James Cridland is Managing Director of media.info, and a U.K.-based radio futurologist. He is a consultant, writer and public speaker who concentrates on the effect that new platforms and technology are having on the radio business. Find out more or subscribe at http://james.cridland.net
I’ve been in Canada this week, for the Canadian Music Week’s Radio Interactive conference and to talk with my friends at Rogers. A rather frustrating panel appearance at CMW, on a panel with some great people wanting to change the future of radio, but the first question was “Why are we losing all the listeners” followed by “Where did we go wrong with the smartphone”. When we have 90% of the population of most large countries tuning in to our product, we really, really don’t need to beat ourselves up in public panels like this. We need to continue reinventing ourselves, as we’ve done effectively over the past ninety years. But, folks, the glass is not half empty. It’s nearly full, though there are some folks determined to spill it.

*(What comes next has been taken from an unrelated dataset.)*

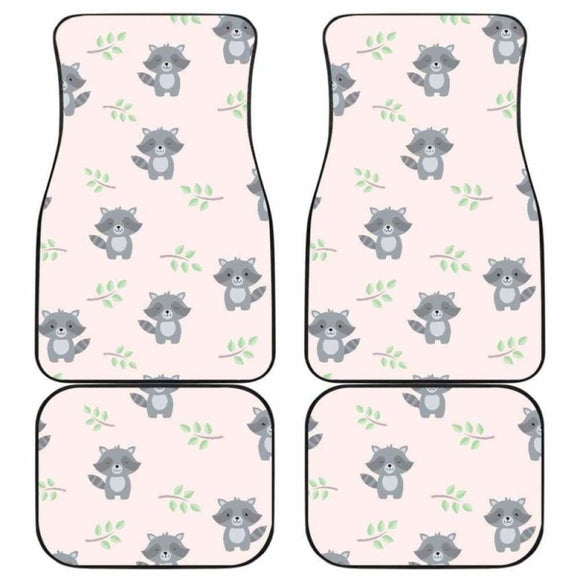 Cute Raccoons Leaves Pattern Front And Back Car Mats 174510 - YourCarButBetter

- “Radio is either going seize the day or have a seizure” – nice phrase in Dick Taylor’s blog about the next generation who’ll make radio’s future.

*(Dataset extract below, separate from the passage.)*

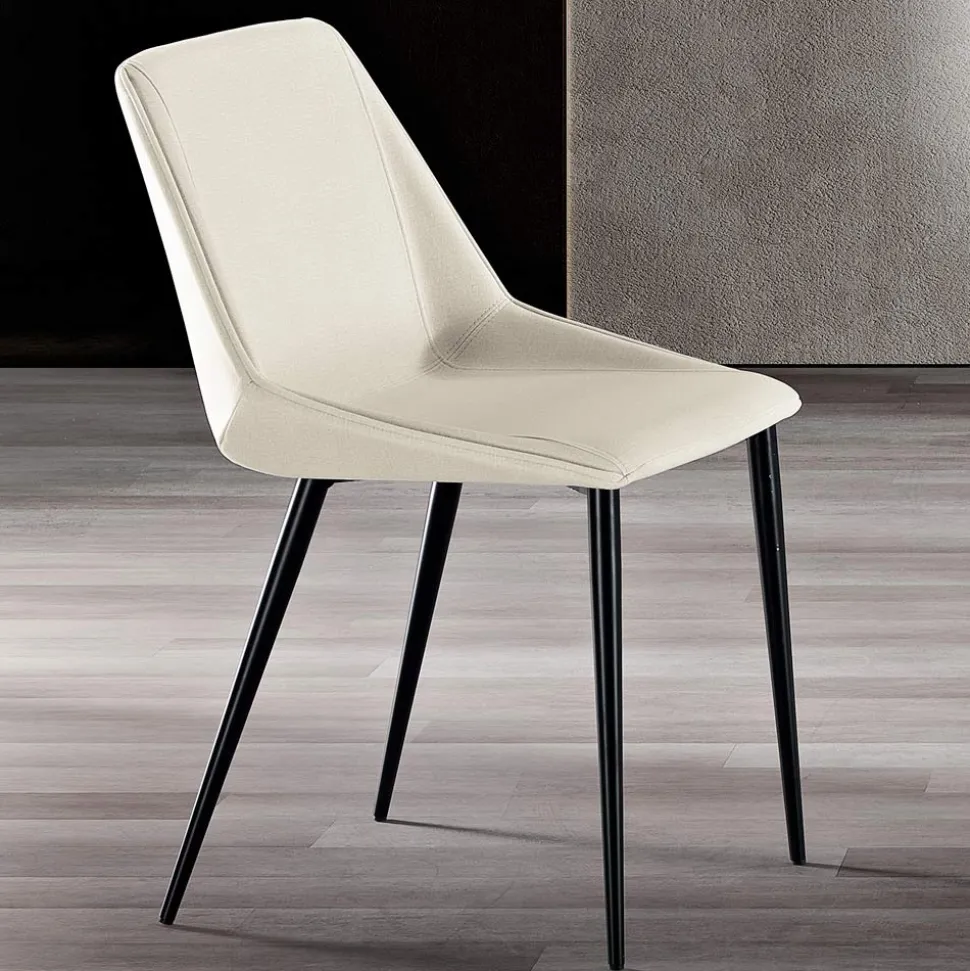 Sedia con Gambe in Metallo e Seduta Monoscocca in Tessuto Made in Italy - Hinata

- Malibu’s radio station finally hits airwaves – interesting to read about small stations in US
- I reviewed the RadioFlag app for media.info – in short, “don’t“. Does show what happens if a US company launches something globally without understanding the global radio market though.
- Can’t work out whether this review in a North Dakotan publication is just naive or a reminder of how others see what we do. Great first line: “One of the limitations of radio has always been that you can’t take it with you.” – yeah, that been… wait a second.

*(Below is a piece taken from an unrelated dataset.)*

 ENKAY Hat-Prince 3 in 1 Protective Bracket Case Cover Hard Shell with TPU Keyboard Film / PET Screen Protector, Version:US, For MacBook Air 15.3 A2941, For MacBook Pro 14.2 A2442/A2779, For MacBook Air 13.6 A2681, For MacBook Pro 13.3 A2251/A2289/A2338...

- “I’m part of a team, so hire the team” – nice story of working together in US radio, via Valerie Geller
- Radio: if it’s not fun, says Perry Michael Simon, nothing else matters. Interesting to hear the f-word used here in Canada too, when talking a small owner here. “We’re having fun, and we’re making money, and you need to do both those things”.
- “We’re not necessarily in it for the balance sheet or the stock dividend” – the success of WLEN
- This week’s Lazy Buggles headline (and I don’t understand its relevance at all for this thing about CD mix tapes) comes from The Orion – a website perilously close in name to another one I don’t take seriously either
- “spectacularly bone-headed messaging” – Kurt Hanson on Tidal’s launch
- Vermont blocks Internet radio to state workers. Try doing that with broadcast. Seriously, that’s one of the issues with the internet – anyone can block it. (Not always entirely successfully, mind you.)
- Can’t help wondering why Ben Cooper, the Controller of BBC Radio 1, isdownplaying radio and talking about business models. Let me remind you of the BBC’s business model: “Pay us £145.50 a year or you’ll go to prison” (genuinely). It’s a brave man, with that kind of guaranteed income, that opines about commercial radio’s business: much less slags radio off.
- Nice clip of an excellent broadcaster: LBC’s James O’Brien managed to completely change this man’s views on immigration – that’s the power of radio right there.
- 7 ingredients for talent – Steve Campen translates US radio consultant Larry Gifford’s blog post into British. I love the description of “a horribly American saying”… 😉
- This is a nice resource for UK radio stations to use – the LBC “Battle Bus” looks really nice inside
- Impressed at Mark Scott’s Twitter feed – he’s the boss of the Australian ABC, and his feed contains lots of personal thoughts and team pride. Other broadcasting bosses should copy. I’m still staggered by how few are actually on Twitter.
- This TuneIn app is AMAZING. After repeated listening to triple j for hours at a time, it thinks I might like it! – sheesh, if you can’t get your notification algorithm right, why bother?
- Taking the fight to the disruptors – nice piece about the challenges large companies face in tech. By “large companies”, you might also include “large broadcasting organisations”.
- Highly techie post about a potential new way to broadcast: a WebRTC P2P CDN can assist Internet Radio Stations. It’s interesting, but WebRTC isn’t quite there as a streaming platform quite yet, despite some interesting P2P opportunities to lower bandwidth costs.